# How have you sealed your horse trailer roof?



## Valley Ranch (Aug 28, 2010)

Greetings, We just painted our horse trailer, the roof needs to be sealed to stop water leaking. I had planed to use silicon, do you know a better way. Thanks 



Richard


----------



## adoptedbyachicken (Aug 29, 2010)

Yes I did have to do that once, and there is a product for the purpose.  Check at an RV store or a big hardware store might have it, in the roofing area.  It goes on as a thick liquid and it sets up rubbery so it has the ability to flex as the trailer bends with movement and heat/cold.  It lasted the rest of the life of that trailer for me, I think that was 4 or 5 years before I sold it.


----------



## Valley Ranch (Aug 29, 2010)

April, thanks for that I'll look for it. 

Does that product come in a tube or is it paint on? 


Richard


----------



## adoptedbyachicken (Aug 29, 2010)

The roofing product was a brush on.  For larger repairs, in an area where there was a gap it had a fabric that you could buy, brush on the goo, put the fabric on and brush more goo over top, kind of like a fiberglass repair.
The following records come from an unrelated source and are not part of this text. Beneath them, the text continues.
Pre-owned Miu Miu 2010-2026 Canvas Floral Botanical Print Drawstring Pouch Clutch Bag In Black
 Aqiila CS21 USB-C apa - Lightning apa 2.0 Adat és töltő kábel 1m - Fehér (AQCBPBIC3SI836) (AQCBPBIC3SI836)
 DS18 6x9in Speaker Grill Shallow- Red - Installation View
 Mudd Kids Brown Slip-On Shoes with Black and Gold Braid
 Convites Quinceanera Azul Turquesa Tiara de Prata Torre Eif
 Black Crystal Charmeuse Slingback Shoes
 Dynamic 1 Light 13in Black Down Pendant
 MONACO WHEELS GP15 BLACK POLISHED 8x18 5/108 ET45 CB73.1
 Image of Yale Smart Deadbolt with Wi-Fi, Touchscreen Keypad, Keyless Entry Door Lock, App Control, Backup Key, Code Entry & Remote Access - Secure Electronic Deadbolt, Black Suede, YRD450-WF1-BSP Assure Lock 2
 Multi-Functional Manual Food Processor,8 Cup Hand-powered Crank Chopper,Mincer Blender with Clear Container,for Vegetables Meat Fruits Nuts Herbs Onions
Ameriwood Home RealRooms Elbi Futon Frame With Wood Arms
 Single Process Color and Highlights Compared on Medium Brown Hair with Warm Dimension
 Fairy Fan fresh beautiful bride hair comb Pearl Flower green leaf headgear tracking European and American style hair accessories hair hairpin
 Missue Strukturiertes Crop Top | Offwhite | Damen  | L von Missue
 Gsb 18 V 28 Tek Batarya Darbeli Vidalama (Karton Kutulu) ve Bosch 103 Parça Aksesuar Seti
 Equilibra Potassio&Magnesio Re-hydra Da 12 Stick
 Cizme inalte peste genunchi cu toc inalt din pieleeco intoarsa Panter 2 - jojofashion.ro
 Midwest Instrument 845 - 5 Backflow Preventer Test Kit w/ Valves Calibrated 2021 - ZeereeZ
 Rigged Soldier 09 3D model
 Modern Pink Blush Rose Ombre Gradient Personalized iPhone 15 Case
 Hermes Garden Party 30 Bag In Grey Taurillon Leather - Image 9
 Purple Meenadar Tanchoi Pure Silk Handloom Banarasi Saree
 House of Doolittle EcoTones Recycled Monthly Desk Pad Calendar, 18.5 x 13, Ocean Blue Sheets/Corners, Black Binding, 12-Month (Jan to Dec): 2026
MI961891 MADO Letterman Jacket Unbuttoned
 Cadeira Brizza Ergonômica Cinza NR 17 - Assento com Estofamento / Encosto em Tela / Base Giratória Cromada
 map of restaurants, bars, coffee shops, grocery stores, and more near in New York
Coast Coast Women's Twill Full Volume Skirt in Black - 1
Later I tried the left overs on a shed tin roof that the wind had damaged, the screws had worked the holes around them too big so it was no longer sealing.  Either the stuff had gone bad in the year since I used it on the trailer, or that application had too much movement since it did not hold up long at all.  Probably rather than just tighten up the screws involved I should have taken them out and put new ones in other locations, then patched the holes.


----------



## ducks4you (Aug 30, 2010)

This thread is so timely--I have Rustoleum in my tool shed waiting for the paint job, scheduled for mid-September for MY leaky trailer roof!!  
WHOEVER figures it out--I wanna know, because we sleep in the overhang of my gooseneck.  It's hard to call it more than a changing room, but I got wet from the leak there when we went camping last May.
I'll start looking for this, too.  Thanks Valley Ranch for the posting.


----------